Data Science Concepts

  • hash function: any function that can be used to map data of arbitrary size to data of fixed size. One use is a data structure called a hash table, widely used in computer software for rapid data lookup. Hash functions accelerate table or database lookup by detecting duplicated records in a large file.
  • O(n): big O notation is used to classify algorithms according to how their running time or space requirements grow as the input size grows. In analytic number theory, big O notation is often used to express a bound on the difference between an arithmetical function and a better understood approximation.
  • Model Selection Techniques:
    • Probabilistic Measures: Scoring by performance and complexity of model.
    • Resampling Methods: Splitting in sub-train and sub-test datasets and scoring by mean values of repeated runs.

Techniques:

  • Resampling:
    • Estimating the precision of sample statistics (medians, variances, percentiles) by using subsets of available data (jackknifing) or drawing randomly with replacement from a set of data points (bootstrapping)
    • Exchanging labels on data points when performing significance tests (permutation tests, also called exact tests, randomization tests, or re-randomization tests)
    • Validating models by using random subsets (bootstrapping, cross-validation)
  • Shrinkage
    • In relation to the general observation that, in regression analysis, a fitted relationship appears to perform less well on a new data set than on the data set used for fitting. In particular the value of the coefficient of determination ‘shrinks’.
    • To describe general types of estimators, or the effects of some types of estimation, whereby a naive or raw estimate is improved by combining it with other information (see shrinkage estimator).

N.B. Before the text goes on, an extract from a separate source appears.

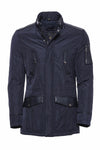 Leather Modeled Navy Blue Slim Fit Quilted Jacket - Wessi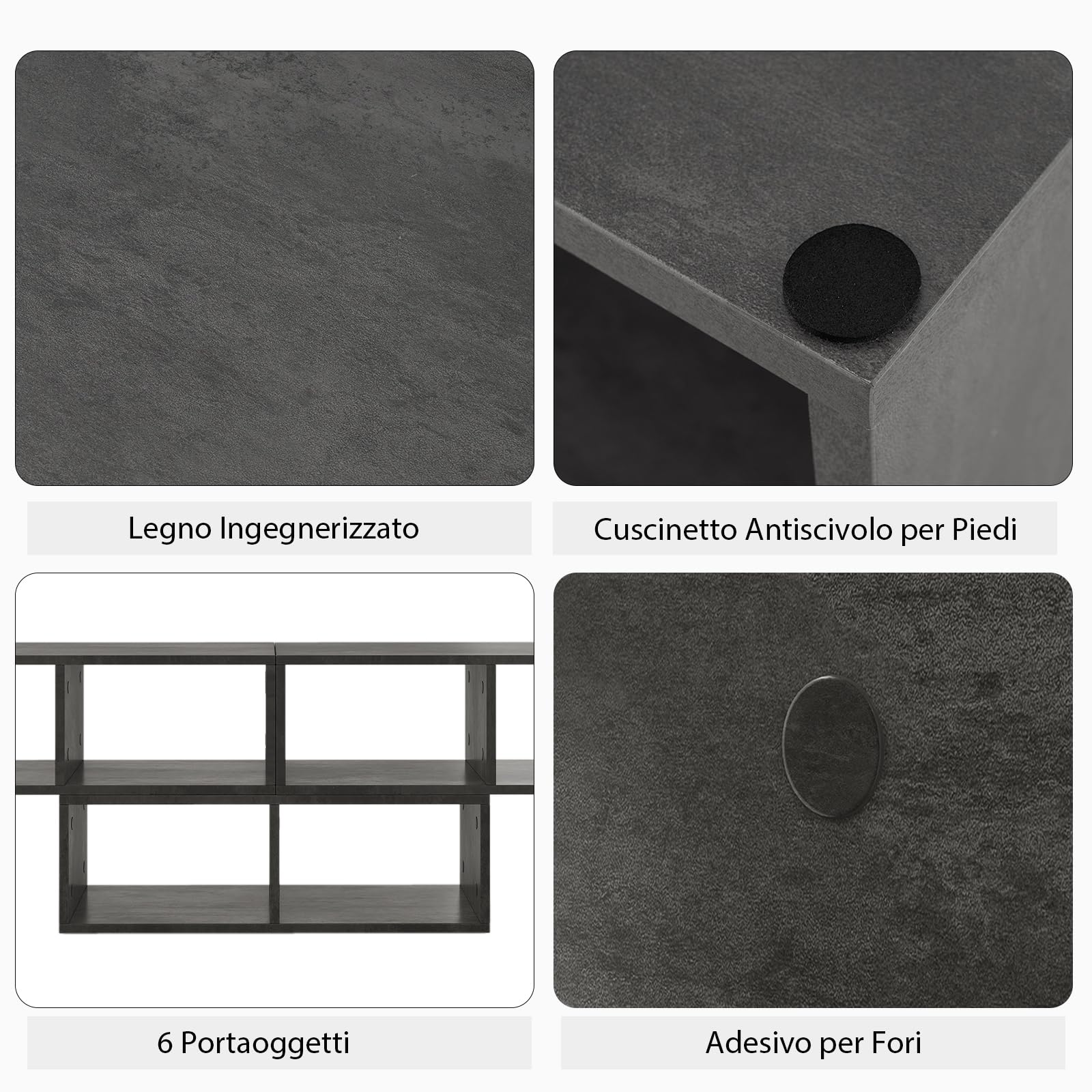 COSTWAY Mobile Porta TV Combinabile con Ripiani Aperti, per TV Fino a 65 Pollici, Mobile TV di Legno per Camera da Letto, Soggiorno, Capacità di Carico Massima 80 kg, 134-180 x 30 x 43 cm (Grigio)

  • Dimension Reduction(Dimensionality Reduction): the process of reducing the number of random variables under consideration by obtaining a set of principal variables.

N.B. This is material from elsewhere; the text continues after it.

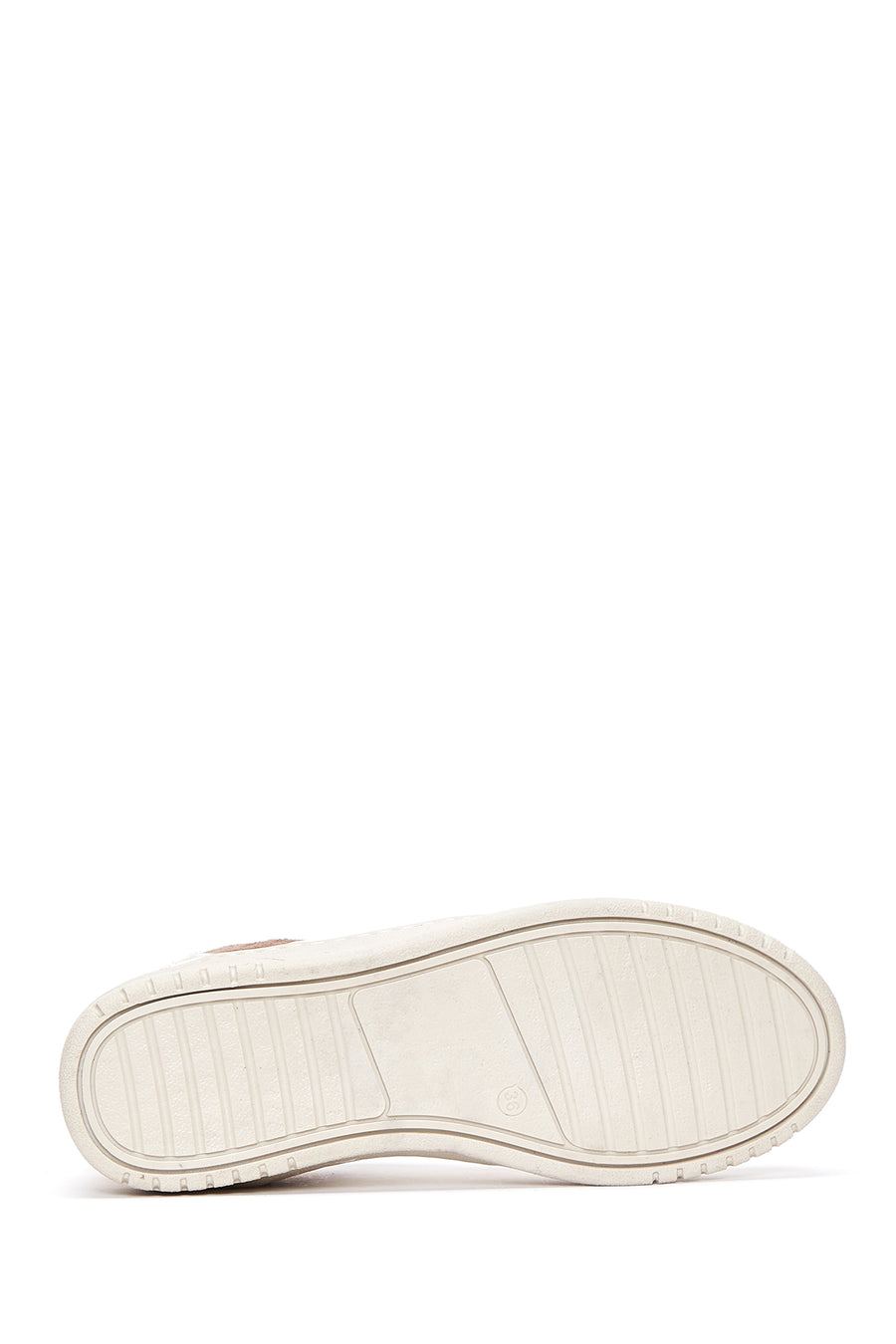 Women's Beige Leather Suede Detailed Sneaker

  • Data Augmentation: a technique used to increase the amount of data by generating data using transformations such as rotation, scaling, or flipping to existing data.
  • Artifact: Artifact refers to an intermediate result in the data science development process. In the data science workflow, an artifact can be a model, a chart, a statistic, a dataframe, or a Feature function.
  • Data Pipeline: A pipeline refers to a series of steps that transform data into useful information/product and is often automated.